## TRY IT
Copy the data exactly, pictures aside.

---------- SUPPLIED MATERIAL

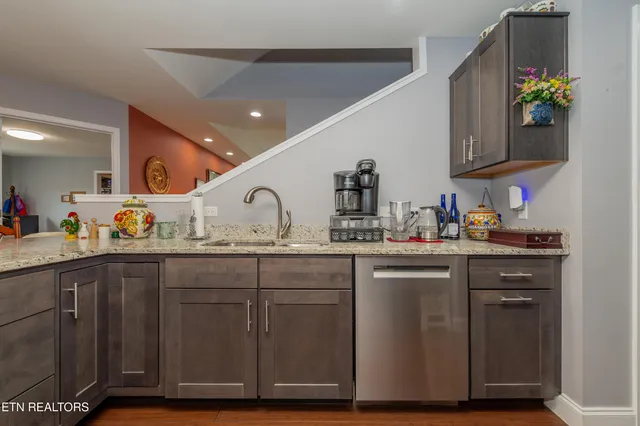 $399,900 | 2559 Keeneland Drive, Maryville, TN 37803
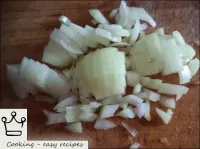 Peel the onions, wash, cut into strips. ...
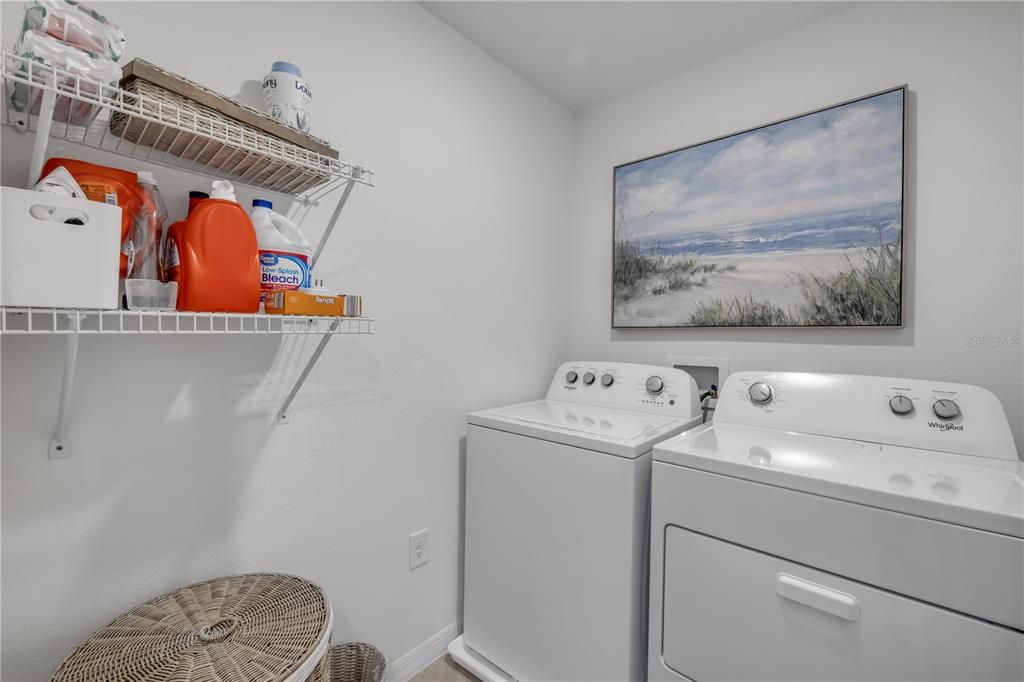 Active With Contract: $329,900 (3 beds, 2 baths, 1672 Square Feet)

--------------------

## ANSWER BOX
 $399,900 | 2559 Keeneland Drive, Maryville, TN 37803
 Peel the onions, wash, cut into strips. ...
 Active With Contract: $329,900 (3 beds, 2 baths, 1672 Square Feet)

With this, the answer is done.